The Rupee continues to trade above 59.0 despite all the minor liquidity tightening restrictions placed by RBI. It is clear that all these measures aren’t doing a great deal, with the breakout of 20th June still in play. Things are not looking great moving forward either. Moody’s just issued a statement on India this morning, saying that India’s high interest rates will almost certainly result in a weaker/slower economy. Such a statement borders along “Captain Obvious” territory, but nonetheless is a important reminder of the dire situation RBI find themselves in. A high interest rate is not welcomed as this would be an increased burden on local firms that will face high borrowing costs, increasing their likelihood of failing in such a depressed economy. However, should If they choose to lower interest rates to help their economy, Rupee will certainly weaken further, which will result in a capital flight away from their economy due to higher inflation risks. It is highly unlikely that foreign funds would want to hold onto to Rupee denominated assets given that inflation rates are already incredibly high. Cutting rates will only result in widening the gap between returns and inflation loss. In this case, the path to the road of economic meltdown is slower, but the economy long term outlook is the same as not cutting rates.
Hence the answer for Indian’s problem is not in interest rate policies, but perhaps via other non-conventional monetary policy. However, that may be yet another bridge too far for RBI to cross. With Government current account showing a deficit, there really isn’t any cash available for RBI to embark any sort of multi-year stimulus that is needed. In theory the Central Bank could simply print more money but that would only simply erode current Rupee further, which has been explained earlier that the long-term route for a weak rupee = economic meltdown.

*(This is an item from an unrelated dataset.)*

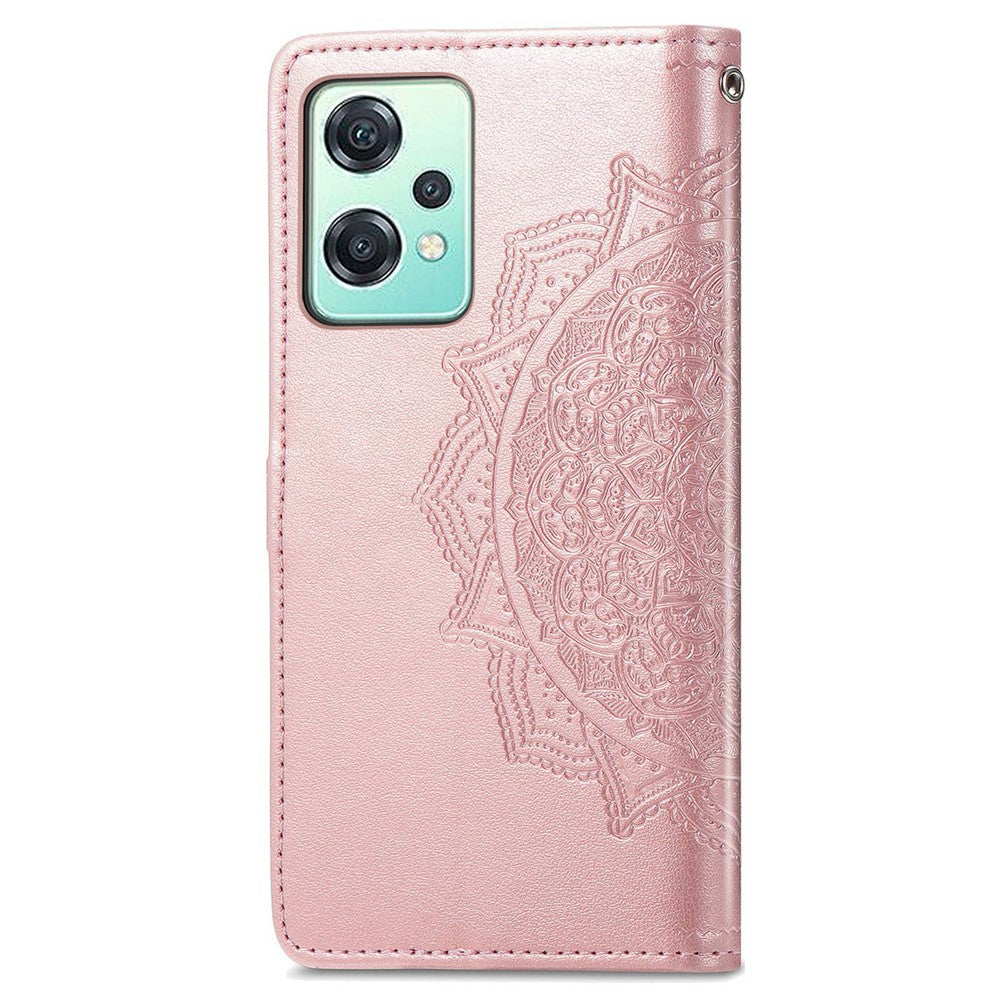 OnePlus Nord CE 2 Lite 5G Präglat Mandala-mönster PU-läderfodral Magnetiskt spänne mobilstativ Plånboksfodral med rem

Or perhaps, funds can be raised by issuing long-term bonds to other sovereign nations, however the terms would be extremely onerous, and may threaten the autonomy of India (see Cyprus and Greece). Furthermore, there is no obligations for other countries to step in and help India, and there isn’t a framework within BRIC or even Asia for economic coorporation like that Euro-Zone. Hence the higher likelihood for India’s economy and by connection Rupee would be one that is either spiraling down quickly or spiraling down in a slower fashion. Either way, Rupee’s outlook is bearish with very little chance of recovery.
From a technical perspective, price did manage to break the rising trendline, which is a good sign for further bearish movements. The bullish recovery found on 18-19th July resulted only in a bearish rejection of the trendline with an Evening Star formed. This put price in a good position to move back towards 59.0 in the next few candles or so. However, beyond 59.0 is a different ball game altogether, with Stoch readings already closing to the Oversold region, and is likely to encroach below 20.0 when 59.0 is tagged. Looking at historical readings, Stoch curve tend to rebound on or slightly above 20.0, hence it should not be surprising to see 59.0 holding despite the failure to climb back above the rising trendline.